All data is returned as type-safe Pydantic models, ensuring data validation and integrity. The CanonicalEquity model provides structured access to identity metadata and financial metrics.

from equity_aggregator import retrieve_canonical_equity, CanonicalEquity

equity: CanonicalEquity = retrieve_canonical_equity("BBG000B9XRY4")

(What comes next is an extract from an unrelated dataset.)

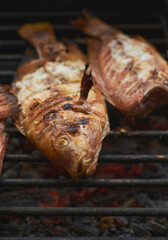Grilled mojarra fish family dinner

# Access identity metadata
identity = equity.identity
print(f"FIGI: {identity.share_class_figi}")
print(f"ISIN: {identity.isin}")
print(f"CUSIP: {identity.cusip}")

# Access financial metrics
financials = equity.financials
print(f"P/E Ratio: {financials.trailing_pe}")
print(f"Market Cap: {financials.market_cap}")

Example Output:

FIGI: BBG000B9XRY4
ISIN: US0378331005
CUSIP: 037833100
P/E Ratio: 28.5
Market Cap: 3500000000000

CLI Usage

Once installed, Equity Aggregator provides a command-line interface for managing equity data. The CLI offers two main commands:

  • seed - Aggregate and populate the local database with fresh equity data
  • download - Download the latest canonical equity database from remote repository

Run equity-aggregator --help for more information:

usage: equity-aggregator [-h] [-v] [-d] [-q] {seed,download} ...

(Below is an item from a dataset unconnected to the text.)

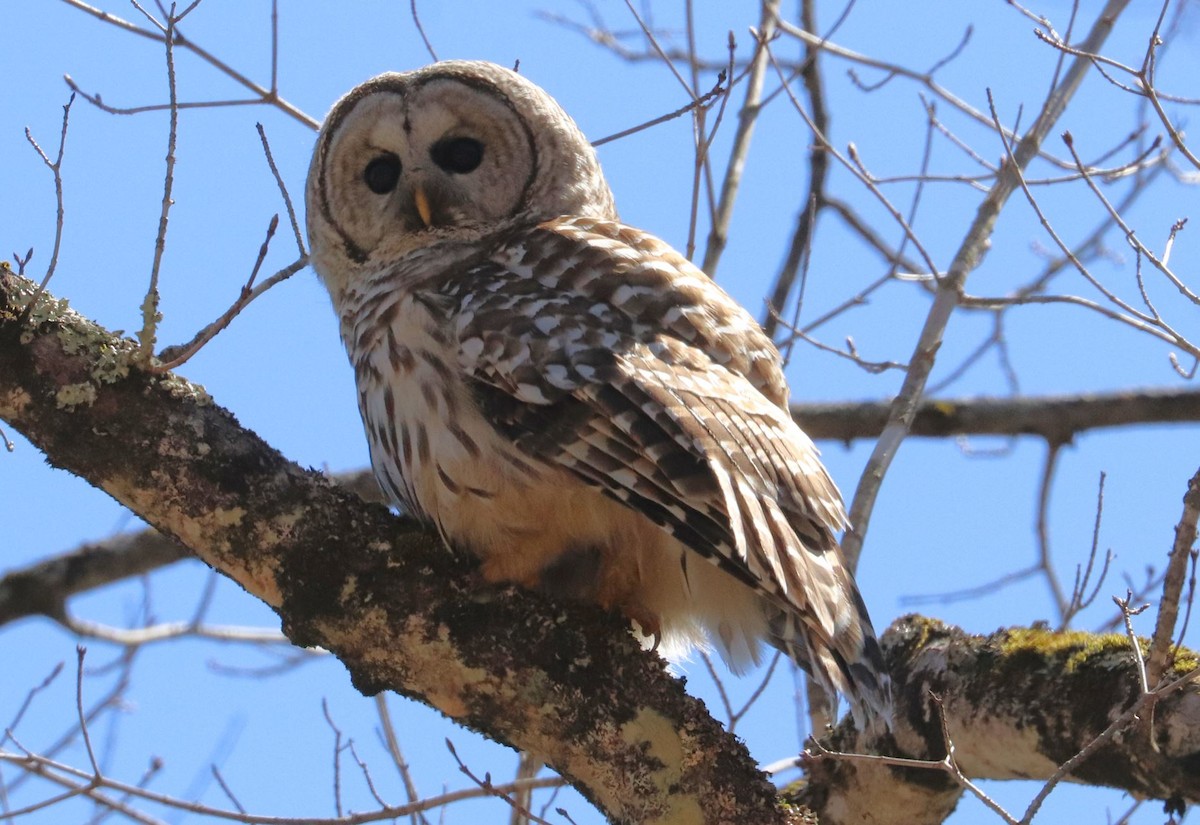 Barred Owl - Aaron Hywarren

aggregate and download canonical equity data

options:
  -h, --help            show this help message and exit
  -v, --verbose         enable verbose logging (INFO level)
  -d, --debug           enable debug logging (DEBUG level)
  -q, --quiet           quiet mode - only show warnings and errors

commands:
  available operations

  {seed,download}
    seed                aggregate enriched canonical equity data sourced from data feeds
    download            download latest canonical equity data from remote repository

use 'equity-aggregator <command> --help' for help

Download Command

The download command retrieves the latest canonical equity database from GitHub Releases, eliminating the need to run the full aggregation pipeline via seed locally. This command:

  • Downloads the compressed database (data_store.db.gz) from the latest nightly build
  • Decompresses and atomically replaces the local database
  • Provides access to 18,000+ equities with full historical snapshots

[!TIP] Optional: Increase Rate Limits

Set GITHUB_TOKEN to increase download limits from 60/hour to 5,000/hour:

export GITHUB_TOKEN="your_personal_access_token_here"

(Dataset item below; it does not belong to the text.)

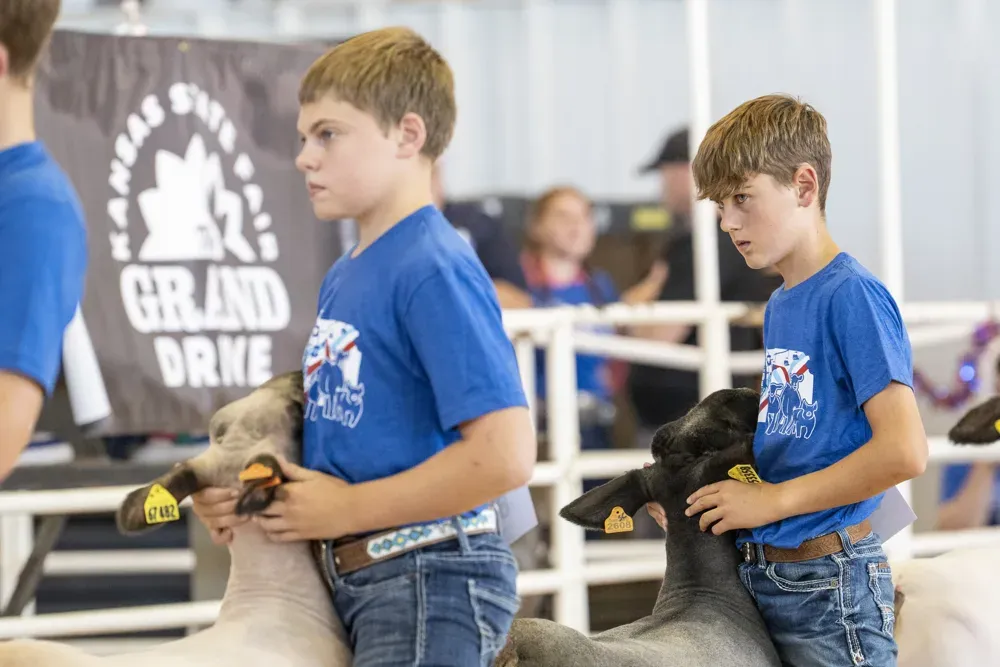 Young contestants wait with their sheep to be judged during the Kansas State Fair in Hutchinson, Kan. on Sept. 13, 2026. (Dale Grosbach for Citizen Journal)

Create a token at GitHub Settings - no special scopes needed. Recommended for frequent downloads or CI/CD pipelines.

Seed Command

The seed command executes the complete equity aggregation pipeline, collecting raw data from discovery sources (Intrinio, SEC, Stock Analysis, TradingView, LSEG, XETRA), enriching it with market data from enrichment feeds, and storing the processed results in the local database. This command runs the full transformation pipeline to create a fresh canonical equity dataset.

This command requires that the following API keys are set prior:

export EXCHANGE_RATE_API_KEY="your_key_here"
export OPENFIGI_API_KEY="your_key_here"
# Run the main aggregation pipeline (requires API keys)
equity-aggregator seed

[!IMPORTANT] Note that the seed command processes thousands of equities and is intentionally rate-limited to respect external API constraints. A full run typically takes 60 minutes depending on network conditions and API response times.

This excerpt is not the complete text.